## PROBLEM DETAILS
All of the data below should be printed again word for word, pictures excluded.

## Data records
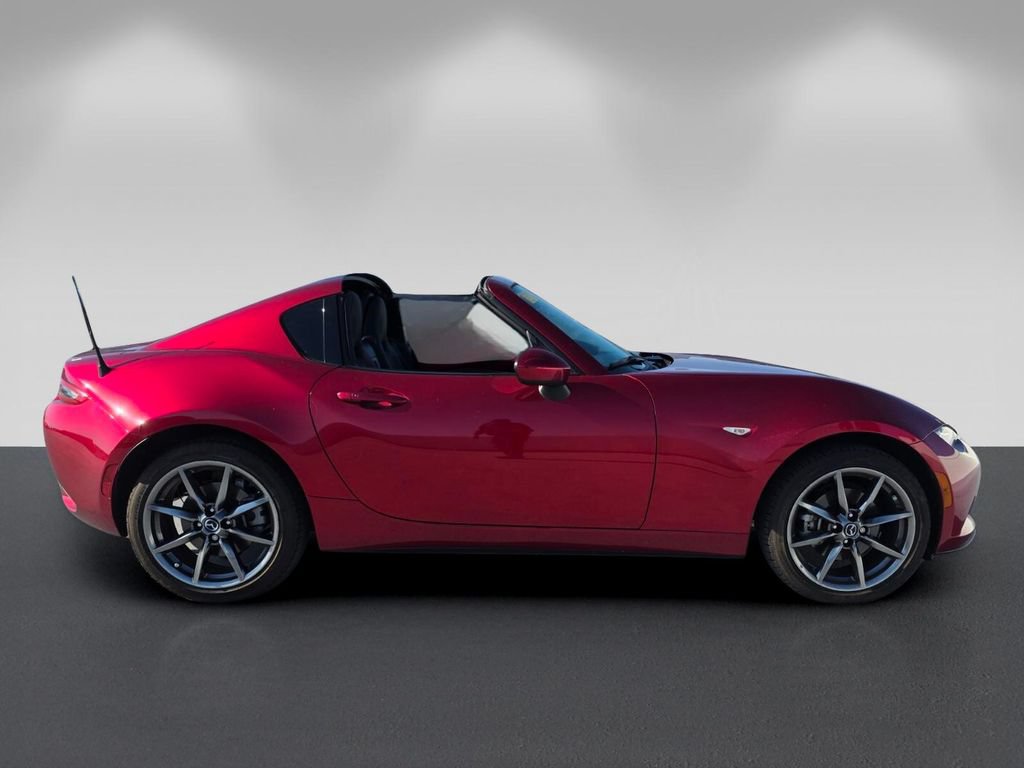 Used 2023 MAZDA MX-5 Miata Grand Touring RWD image 3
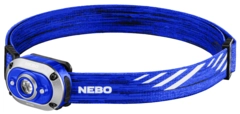 Nebo Mycro 450 Headlamp Blue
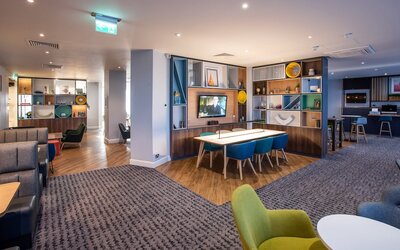 Holiday Inn Preston by IHG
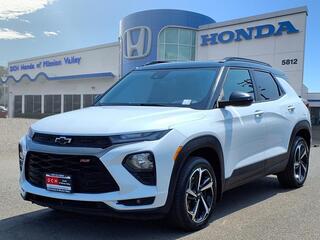 2021 Chevrolet Trailblazer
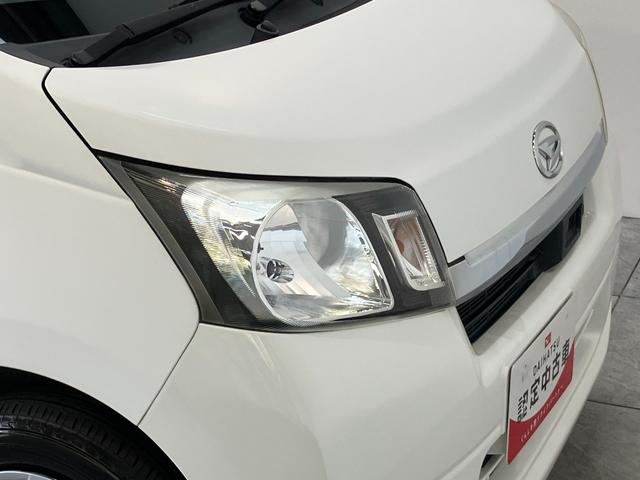 ムーヴL SA CDステレオ キーレス 電格ミラー 車検整備付衝突被害軽減ブレーキ CDステレオ キーレスエントリー 電動格納式ミラー マニュアルレベリング エコアイドル(滋賀県)の中古車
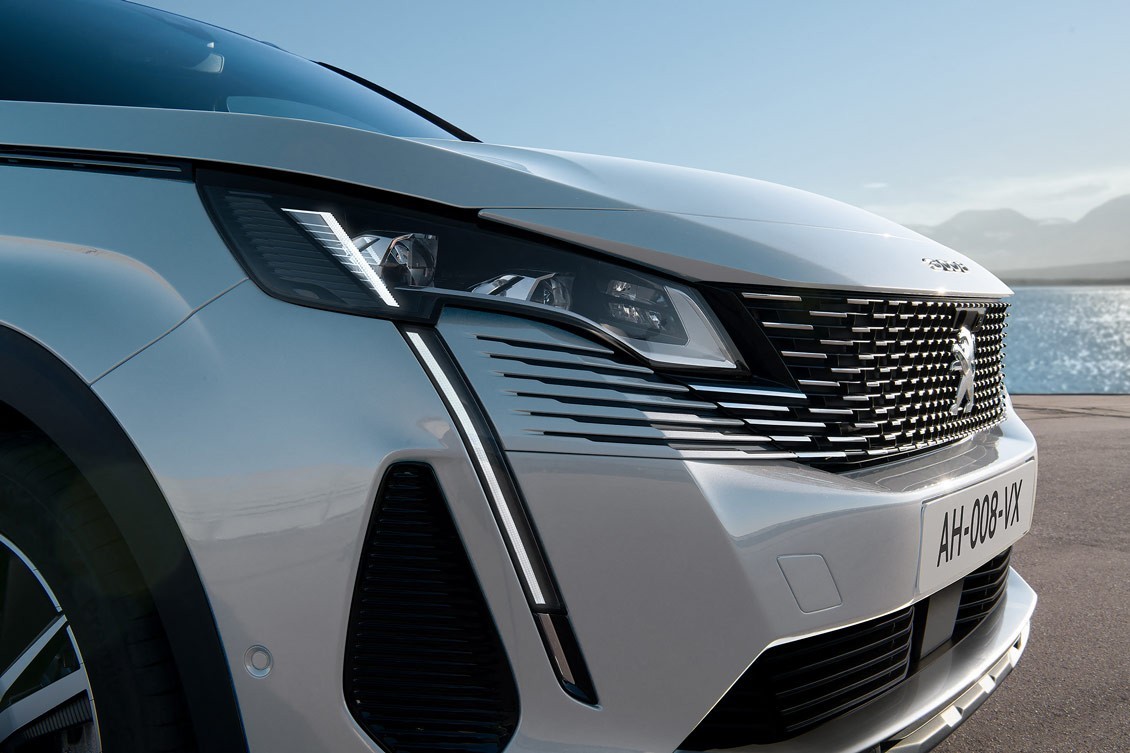 El Peugeot 3008 ha evolucionado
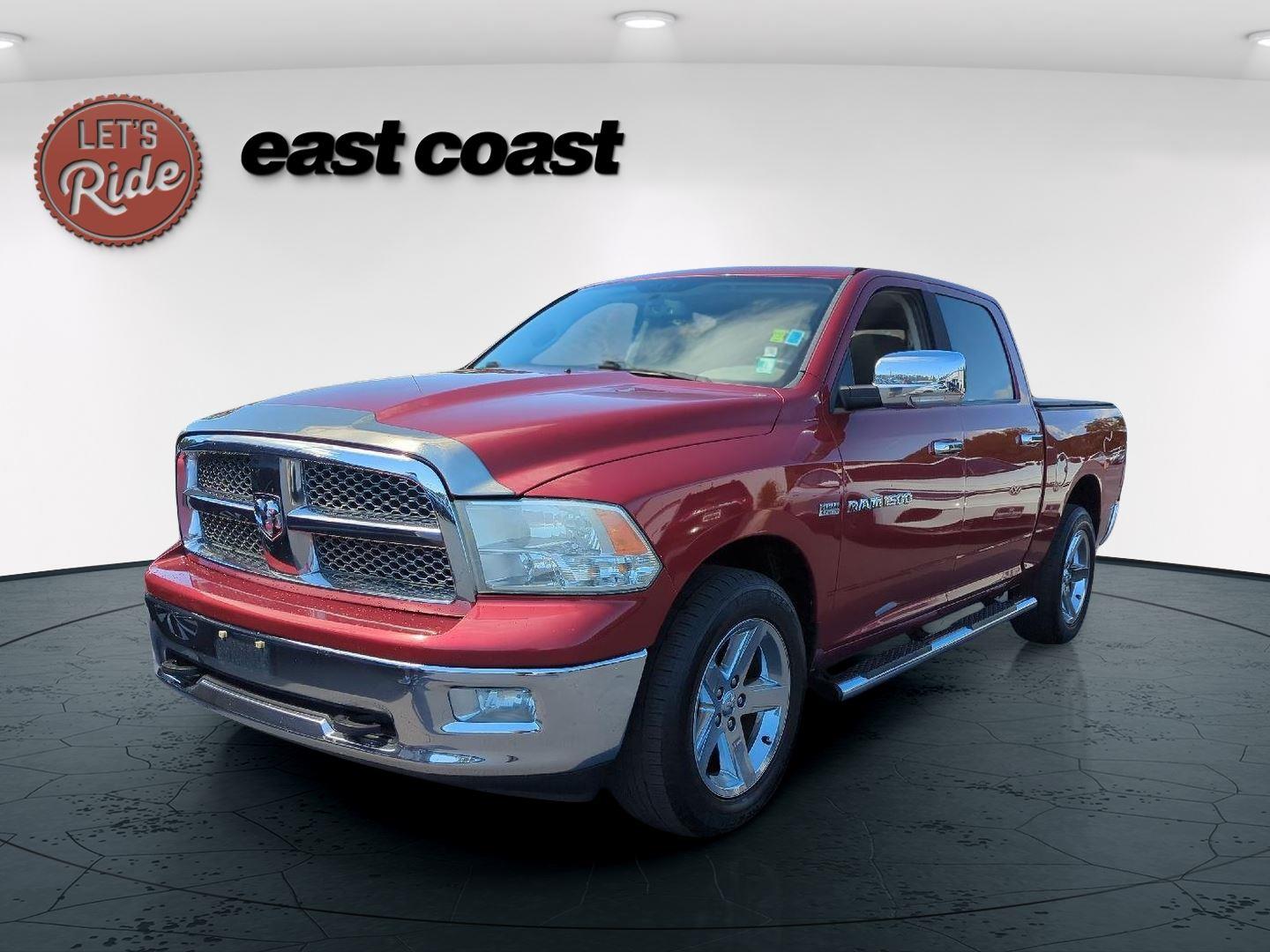 2012 RAM Ram 1500 Pickup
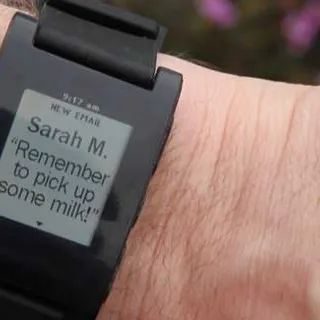 Pebble annuncia un app store per lo smartwatch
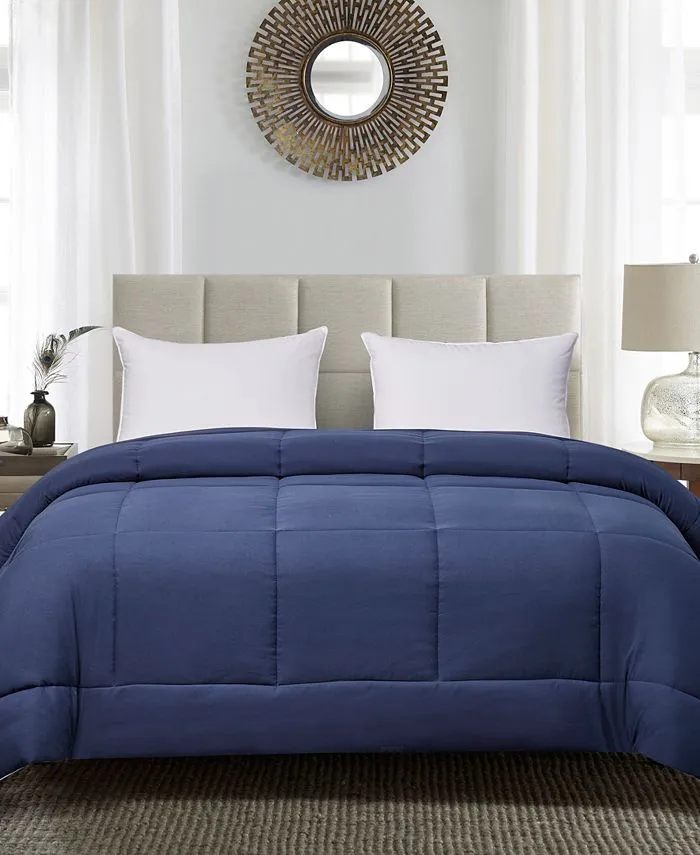 Blue Ridge Home Reversible Down Alternative Comforter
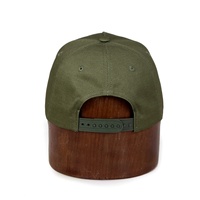 Casquettes de Baseball Snapback Personnalisées 5 Cinq Panneaux Homme Couronne Haute Profil Incurvé Bord Visière 9 Quarante Type A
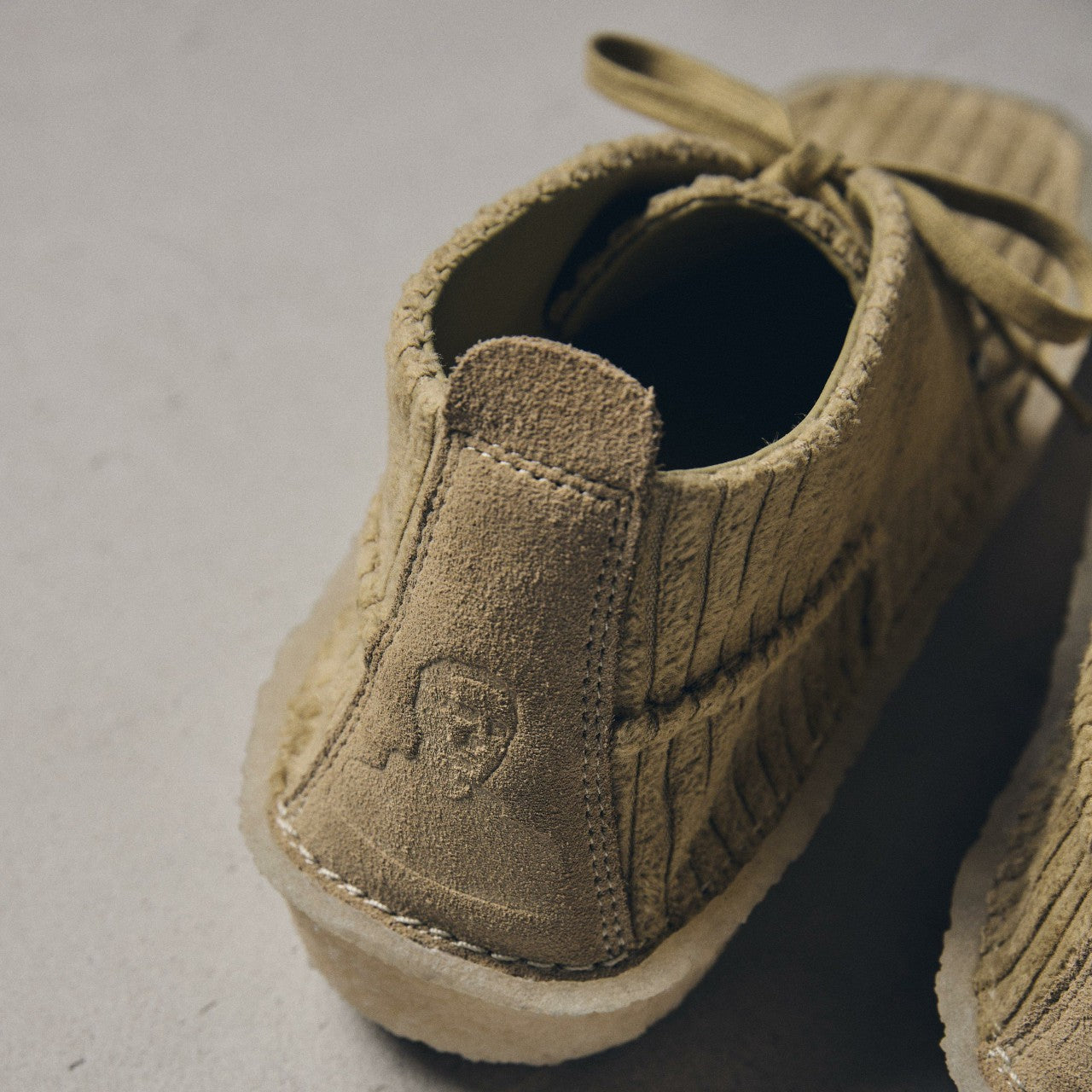 Desert Rain Maple Cord | Clarks Sale - Men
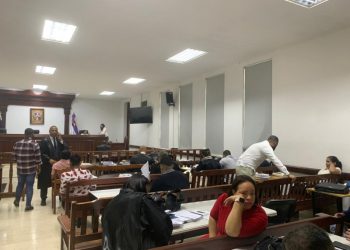 Tribunal se reserva fallo de acusados de borrar y alterar antecedentes penales a cambio de sobornos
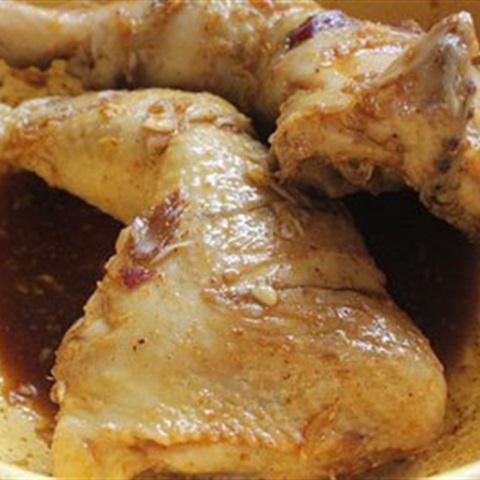 Cách làm mì Quảng gà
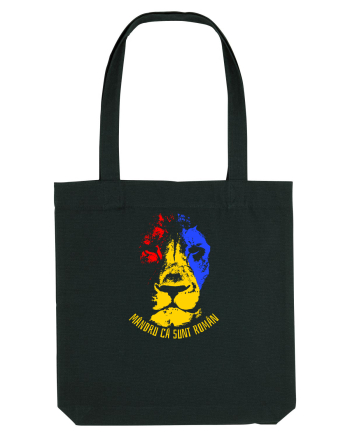MANDRU CA SUNT ROMAN Black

## ANSWER
 Used 2023 MAZDA MX-5 Miata Grand Touring RWD image 3
 Nebo Mycro 450 Headlamp Blue
 Holiday Inn Preston by IHG
 2021 Chevrolet Trailblazer
 ムーヴL SA CDステレオ キーレス 電格ミラー 車検整備付衝突被害軽減ブレーキ CDステレオ キーレスエントリー 電動格納式ミラー マニュアルレベリング エコアイドル(滋賀県)の中古車
 El Peugeot 3008 ha evolucionado
 2012 RAM Ram 1500 Pickup
 Pebble annuncia un app store per lo smartwatch
 Blue Ridge Home Reversible Down Alternative Comforter
 Casquettes de Baseball Snapback Personnalisées 5 Cinq Panneaux Homme Couronne Haute Profil Incurvé Bord Visière 9 Quarante Type A
 Desert Rain Maple Cord | Clarks Sale - Men
 Tribunal se reserva fallo de acusados de borrar y alterar antecedentes penales a cambio de sobornos
 Cách làm mì Quảng gà
MANDRU CA SUNT ROMAN Black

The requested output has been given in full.